#### [TASK INSTRUCTIONS]
Please output exactly the lines below, starting at the line that has "Throw Blankets Awesome For Christmas" and ending at the line that has "King Cole Recycled Dish Cloth Cotton", both included; leave out all pictures and include nothing else.

#### [EXCERPTED DATA]
+---+
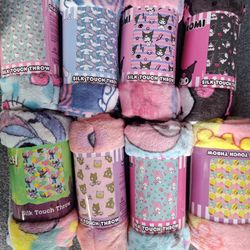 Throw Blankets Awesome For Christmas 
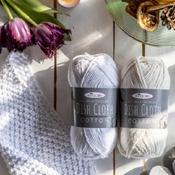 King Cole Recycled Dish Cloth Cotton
+---+
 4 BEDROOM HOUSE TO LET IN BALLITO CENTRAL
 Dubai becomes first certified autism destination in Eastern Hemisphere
+---+
#### [RESULT]
 Throw Blankets Awesome For Christmas 
 King Cole Recycled Dish Cloth Cotton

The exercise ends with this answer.